PROBLEM TO SOLVE:
The whole listing, exactly as given: write it out, leaving out each image.

COLLECTED DATA:
==============================

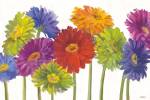 Colorful Gerbera Daisies by Carol Rowan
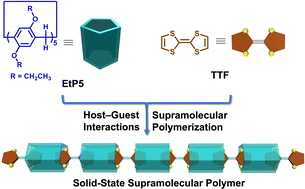 Graphical abstract: Constructing a solid-state supramolecular polymer based on host–guest recognition between perethylated pillar[5]arene and tetrathiafulvalene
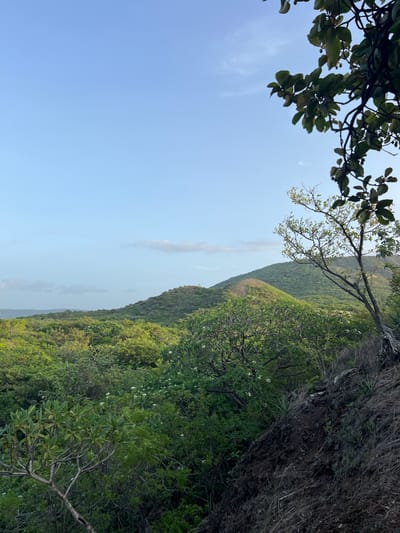 The image captures a landscape view from a hillside overlooking a valley of lush green trees and rolling hills under a pale blue sky with scattered clouds. In the foreground, on the right side of the image, there is a steep, rocky incline covered with dry grass and sparse vegetation. A tree with thin branches and green leaves is prominently positioned on this incline, extending into the upper right portion of the frame. In the midground, a dense canopy of various green trees stretches across the valley. Some trees have white flowers scattered amongst their leaves. Further in the background, more hills rise, covered in vegetation. The overall scene suggests a natural, undeveloped environment, likely a rural or natural park area. While the location is stated to be in Nindirí, Nicaragua, the image itself does not contain any specific landmarks or elements that would definitively identify it as such, relying solely on the provided metadata.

==============================

EXERCISE RESULT:
 Colorful Gerbera Daisies by Carol Rowan
 Graphical abstract: Constructing a solid-state supramolecular polymer based on host–guest recognition between perethylated pillar[5]arene and tetrathiafulvalene
 The image captures a landscape view from a hillside overlooking a valley of lush green trees and rolling hills under a pale blue sky with scattered clouds. In the foreground, on the right side of the image, there is a steep, rocky incline covered with dry grass and sparse vegetation. A tree with thin branches and green leaves is prominently positioned on this incline, extending into the upper right portion of the frame. In the midground, a dense canopy of various green trees stretches across the valley. Some trees have white flowers scattered amongst their leaves. Further in the background, more hills rise, covered in vegetation. The overall scene suggests a natural, undeveloped environment, likely a rural or natural park area. While the location is stated to be in Nindirí, Nicaragua, the image itself does not contain any specific landmarks or elements that would definitively identify it as such, relying solely on the provided metadata.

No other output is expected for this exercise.